__WORK INSTRUCTIONS__
Transcribe nothing but the lines from the one with "O Que É Fotossensibilidade" to the end of the entries, both included, keeping each exact and leaving every picture out.

↓

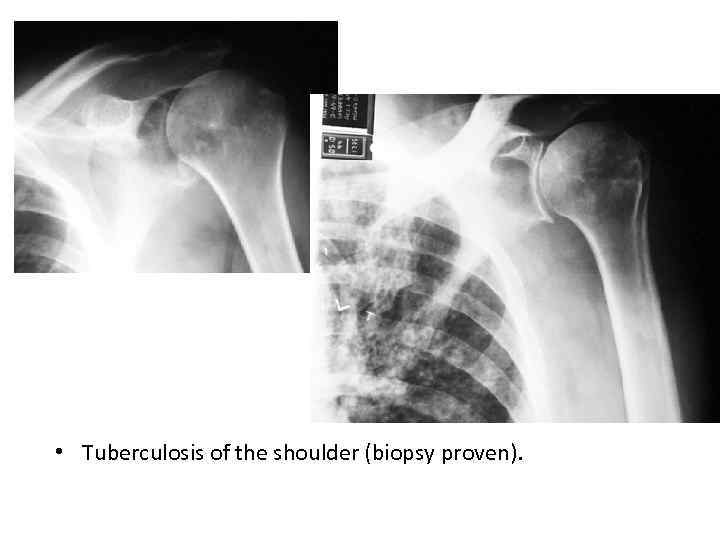  • Tuberculosis of the shoulder (biopsy proven). 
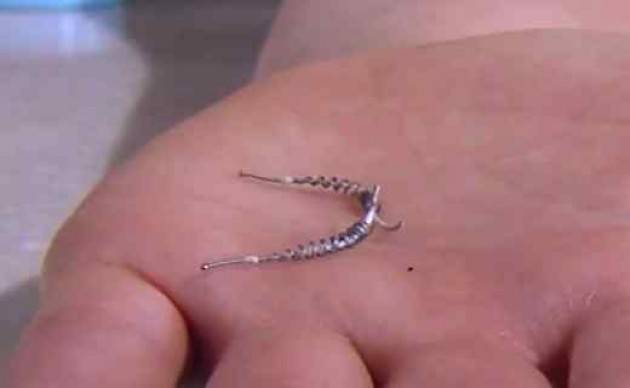 Codacons CREMONA: ESSURE, DISPOSITIVO CONTRACCETTIVO PERMANENTE SOTTO ACCUSA.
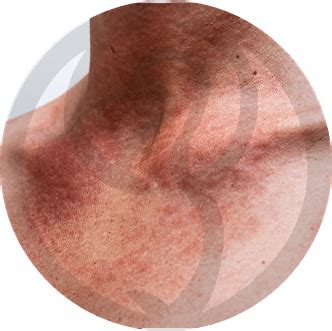 O Que É Fotossensibilidade - Fotossensibilidade - Clinica Derma Lineexplica o que é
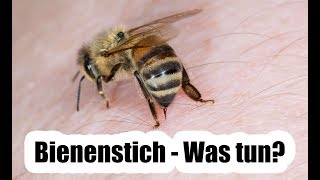 Bienenstich  Was tun Das empfiehlt der Arzt [upl. by Anelrahs229]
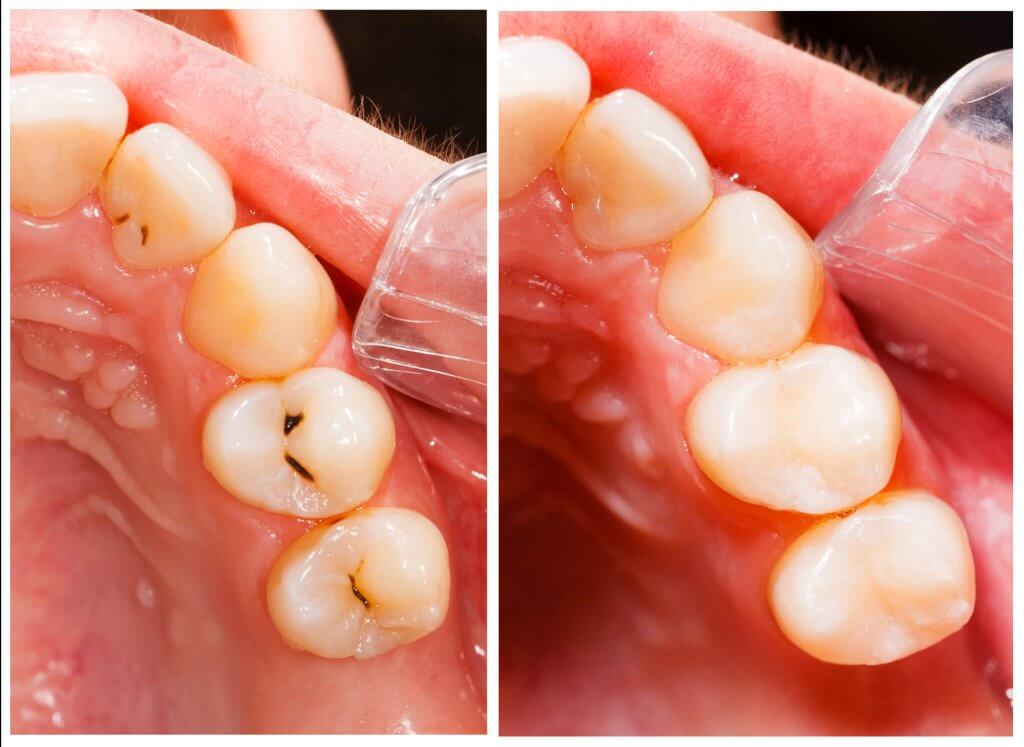 New Treatment Makes Teeth Grow Back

↑

__ANSWER BOX__
 O Que É Fotossensibilidade - Fotossensibilidade - Clinica Derma Lineexplica o que é
 Bienenstich  Was tun Das empfiehlt der Arzt [upl. by Anelrahs229]
 New Treatment Makes Teeth Grow Back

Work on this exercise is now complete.